A large number of assessments pertaining to cash deposited in banks during demonetization period are pending. The article analysis relevant sections of I.T. Act as well as various legal issues to assist assessing officers in passing error free sustainable assessment orders.
Mission of Operation Clean Money (OCM) is to create a tax-compliant society through a fair, transparent and non-intrusive tax administration where every Indian takes pride in paying taxes. The strategy of Operation Clean Money is as follows:
For income tax purposes, ‘Operation Clean Money’ primarily stands for verification of cash deposits during demonetisation period. Further details regarding this operation are available at www.cleanmoney.gov.in
The Department has issued following Internal Guidelines for Assessing Officers:
3. SOP dated 15.11.2017
4. SOP dated 05.03.2019
5. Internal Guidance note dated 13.06.2019
In the case of cash deposits in a bank account, there is some confusion regarding the section under which addition should be made.
In this regard, Section 68 of I-T. Act is reproduced below:
68. Where any sum is found credited in the books of an assessee maintained for any previous year, and the assessee offers no explanation about the nature and source thereof or the explanation offered by him is not, in the opinion of the Assessing Officer, satisfactory, the sum so credited may be charged to income-tax as the income of the assessee of that previous year:”
Section 69A of the I-T Act is reproduced below:
“Unexplained money, etc.
69A. Where in any financial year the assessee is found to be the owner of any money, bullion, jewellery or other valuable article and such money, bullion, jewellery or valuable article is not recorded in the books of account, if any, maintained by him for any source of income, and the assessee offers no explanation about the nature and source of acquisition of the money, bullion, jewellery or other valuable article, or the explanation offered by him is not, in the opinion of the Assessing Officer, satisfactory, the money and the value of the bullion, jewellery or other valuable article may be deemed to be the income of the assessee for such financial year.”
Books of account are defined in section 2(12A) of the I-T Act which is reproduced below:
(12A) ‘books or books of account’ includes ledgers, day-books, cash books, account-books and other books, whether kept in the written form or as print-outs of data stored in a floppy, disc, tape or any other form of electro-magnetic data storage device;”
Section 44AA of the IT Act lays down provision regarding maintenance of accounts by certain persons carrying on profession or business.
In view of the above provisions, addition should be made u/s 68 of the I-T Act if:
1. the assessee is maintaining books of account, and
2. the amount is credited in these books of account
If the assessee is having business income and books of account are maintained, bank account constitutes books of account.
However, if the assessee is either:
1. not having business income, or
2. assessee is not maintaining books of account, or
3. disclosing income on presumptive basis without maintaining books of account, bank account does not constitute his books of account and addition should be made u/s 69A of the I-T Act.
In the case of CIT v Bhaichand N. Gandhi  141 ITR 67 (Bom.), it was held that the bank passbook could not be treated as books of account of the assessee.

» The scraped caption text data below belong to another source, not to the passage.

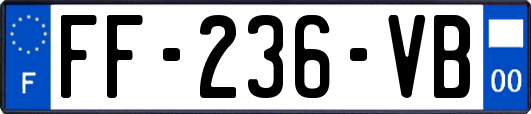 FF-236-VB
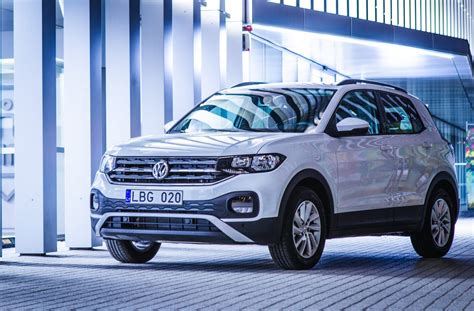 Klasifikacija SUV modelių
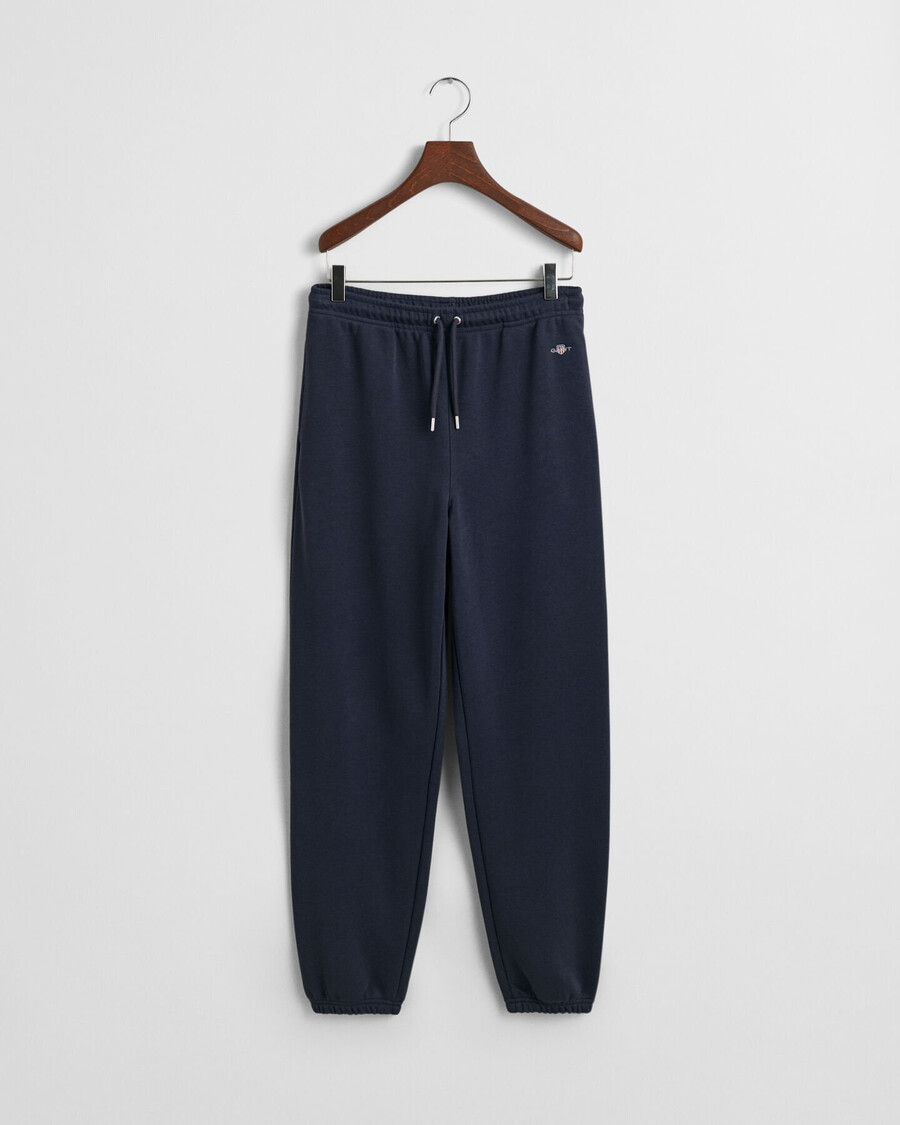 shield sweatpants - evening blue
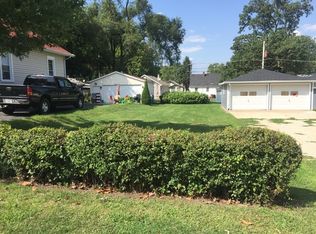 308 Elsie Ave, Crest Hill, IL 60403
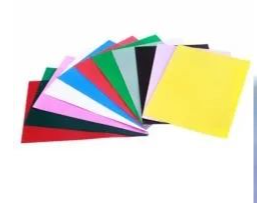 10 TAPAS PLÁSTICAS PARA ENCUADERNACION A4 - PACK 10 UNIDADES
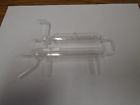 116-01478-01 116-0478-01 Techincon Technicon Distillation Head Glassware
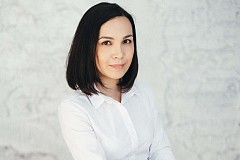 Гульдар Сафиуллина
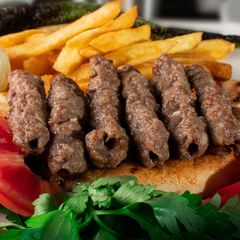 Akhisarlı Şerif Lokantası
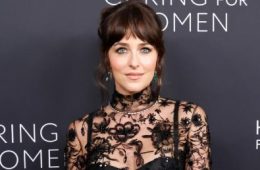 Is Dakota Johnson Slowly Dating Again? Five Months After Split From Chris Martin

The court observed that ‘when moneys are deposited in a bank, the relationship that is constituted between the banker and the customer is one of debtor and creditor and not that of trustee and beneficiary. Applying this principle, the passbook supplied by the bank to its constituent is only a copy of the constituents account in the books maintained by the bank. It is not as if the passbook is maintained by the bank as the agent of the constituent nor can it be said that the passbook is maintained by the bank under the instructions of the constituent.’ It, accordingly, held that the bank passbook could not be regarded as a book maintained by the assessee.
From AY 2017-18 on wards, tax is payable u/s 115BBE of IT Act where addition has been made u/s section 68, section 69, section 69A, section 69B, section 69C or section 69D of IT Act. Section 115BBE is reproduced below:
‘Tax on income referred to in section 68 or section 69 or section 69A or section 69B or section 69C or section 69D.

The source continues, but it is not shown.